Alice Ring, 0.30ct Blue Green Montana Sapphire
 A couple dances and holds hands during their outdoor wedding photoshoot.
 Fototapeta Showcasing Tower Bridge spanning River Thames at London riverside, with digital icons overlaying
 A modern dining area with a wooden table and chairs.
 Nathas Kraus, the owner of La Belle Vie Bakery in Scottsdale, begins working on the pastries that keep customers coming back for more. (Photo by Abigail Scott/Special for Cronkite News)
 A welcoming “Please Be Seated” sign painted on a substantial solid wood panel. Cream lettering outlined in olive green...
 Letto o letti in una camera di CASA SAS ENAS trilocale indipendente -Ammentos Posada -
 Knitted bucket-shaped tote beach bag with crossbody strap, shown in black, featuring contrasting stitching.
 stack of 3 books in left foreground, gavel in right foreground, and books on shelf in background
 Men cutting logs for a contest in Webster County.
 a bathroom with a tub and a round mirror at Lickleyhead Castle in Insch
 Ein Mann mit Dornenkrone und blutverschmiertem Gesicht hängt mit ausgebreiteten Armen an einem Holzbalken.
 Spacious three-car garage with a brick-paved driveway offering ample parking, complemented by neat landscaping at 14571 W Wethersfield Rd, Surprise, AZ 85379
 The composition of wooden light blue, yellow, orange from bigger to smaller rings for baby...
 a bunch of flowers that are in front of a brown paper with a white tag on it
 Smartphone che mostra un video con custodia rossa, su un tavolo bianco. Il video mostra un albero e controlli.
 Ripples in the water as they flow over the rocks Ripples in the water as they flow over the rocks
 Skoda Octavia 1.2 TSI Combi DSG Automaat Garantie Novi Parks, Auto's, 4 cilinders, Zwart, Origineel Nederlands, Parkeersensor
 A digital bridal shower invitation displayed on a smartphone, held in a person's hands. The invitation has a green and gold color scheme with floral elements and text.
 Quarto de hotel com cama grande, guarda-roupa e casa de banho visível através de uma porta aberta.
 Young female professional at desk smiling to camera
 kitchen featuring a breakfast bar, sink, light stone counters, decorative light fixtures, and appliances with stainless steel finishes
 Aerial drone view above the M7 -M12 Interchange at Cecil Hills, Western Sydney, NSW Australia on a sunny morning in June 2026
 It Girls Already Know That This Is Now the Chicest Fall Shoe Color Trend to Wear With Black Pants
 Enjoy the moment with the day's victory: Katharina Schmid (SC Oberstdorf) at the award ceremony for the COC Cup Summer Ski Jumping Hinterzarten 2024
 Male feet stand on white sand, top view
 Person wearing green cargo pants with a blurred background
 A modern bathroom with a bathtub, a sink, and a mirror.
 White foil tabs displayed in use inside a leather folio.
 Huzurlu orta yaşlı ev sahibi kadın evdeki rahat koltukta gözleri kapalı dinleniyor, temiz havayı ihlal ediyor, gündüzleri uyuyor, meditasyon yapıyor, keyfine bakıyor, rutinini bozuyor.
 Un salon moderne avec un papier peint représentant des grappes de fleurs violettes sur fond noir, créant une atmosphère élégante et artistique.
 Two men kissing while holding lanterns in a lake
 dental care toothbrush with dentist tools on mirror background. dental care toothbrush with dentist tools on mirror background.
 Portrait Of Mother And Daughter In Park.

──────────

**Work to complete:**
In your response, reproduce the records exactly, every one.

**Solution:**
Alice Ring, 0.30ct Blue Green Montana Sapphire
 A couple dances and holds hands during their outdoor wedding photoshoot.
 Fototapeta Showcasing Tower Bridge spanning River Thames at London riverside, with digital icons overlaying
 A modern dining area with a wooden table and chairs.
 Nathas Kraus, the owner of La Belle Vie Bakery in Scottsdale, begins working on the pastries that keep customers coming back for more. (Photo by Abigail Scott/Special for Cronkite News)
 A welcoming “Please Be Seated” sign painted on a substantial solid wood panel. Cream lettering outlined in olive green...
 Letto o letti in una camera di CASA SAS ENAS trilocale indipendente -Ammentos Posada -
 Knitted bucket-shaped tote beach bag with crossbody strap, shown in black, featuring contrasting stitching.
 stack of 3 books in left foreground, gavel in right foreground, and books on shelf in background
 Men cutting logs for a contest in Webster County.
 a bathroom with a tub and a round mirror at Lickleyhead Castle in Insch
 Ein Mann mit Dornenkrone und blutverschmiertem Gesicht hängt mit ausgebreiteten Armen an einem Holzbalken.
 Spacious three-car garage with a brick-paved driveway offering ample parking, complemented by neat landscaping at 14571 W Wethersfield Rd, Surprise, AZ 85379
 The composition of wooden light blue, yellow, orange from bigger to smaller rings for baby...
 a bunch of flowers that are in front of a brown paper with a white tag on it
 Smartphone che mostra un video con custodia rossa, su un tavolo bianco. Il video mostra un albero e controlli.
 Ripples in the water as they flow over the rocks Ripples in the water as they flow over the rocks
 Skoda Octavia 1.2 TSI Combi DSG Automaat Garantie Novi Parks, Auto's, 4 cilinders, Zwart, Origineel Nederlands, Parkeersensor
 A digital bridal shower invitation displayed on a smartphone, held in a person's hands. The invitation has a green and gold color scheme with floral elements and text.
 Quarto de hotel com cama grande, guarda-roupa e casa de banho visível através de uma porta aberta.
 Young female professional at desk smiling to camera
 kitchen featuring a breakfast bar, sink, light stone counters, decorative light fixtures, and appliances with stainless steel finishes
 Aerial drone view above the M7 -M12 Interchange at Cecil Hills, Western Sydney, NSW Australia on a sunny morning in June 2026
 It Girls Already Know That This Is Now the Chicest Fall Shoe Color Trend to Wear With Black Pants
 Enjoy the moment with the day's victory: Katharina Schmid (SC Oberstdorf) at the award ceremony for the COC Cup Summer Ski Jumping Hinterzarten 2024
 Male feet stand on white sand, top view
 Person wearing green cargo pants with a blurred background
 A modern bathroom with a bathtub, a sink, and a mirror.
 White foil tabs displayed in use inside a leather folio.
 Huzurlu orta yaşlı ev sahibi kadın evdeki rahat koltukta gözleri kapalı dinleniyor, temiz havayı ihlal ediyor, gündüzleri uyuyor, meditasyon yapıyor, keyfine bakıyor, rutinini bozuyor.
 Un salon moderne avec un papier peint représentant des grappes de fleurs violettes sur fond noir, créant une atmosphère élégante et artistique.
 Two men kissing while holding lanterns in a lake
 dental care toothbrush with dentist tools on mirror background. dental care toothbrush with dentist tools on mirror background.
 Portrait Of Mother And Daughter In Park.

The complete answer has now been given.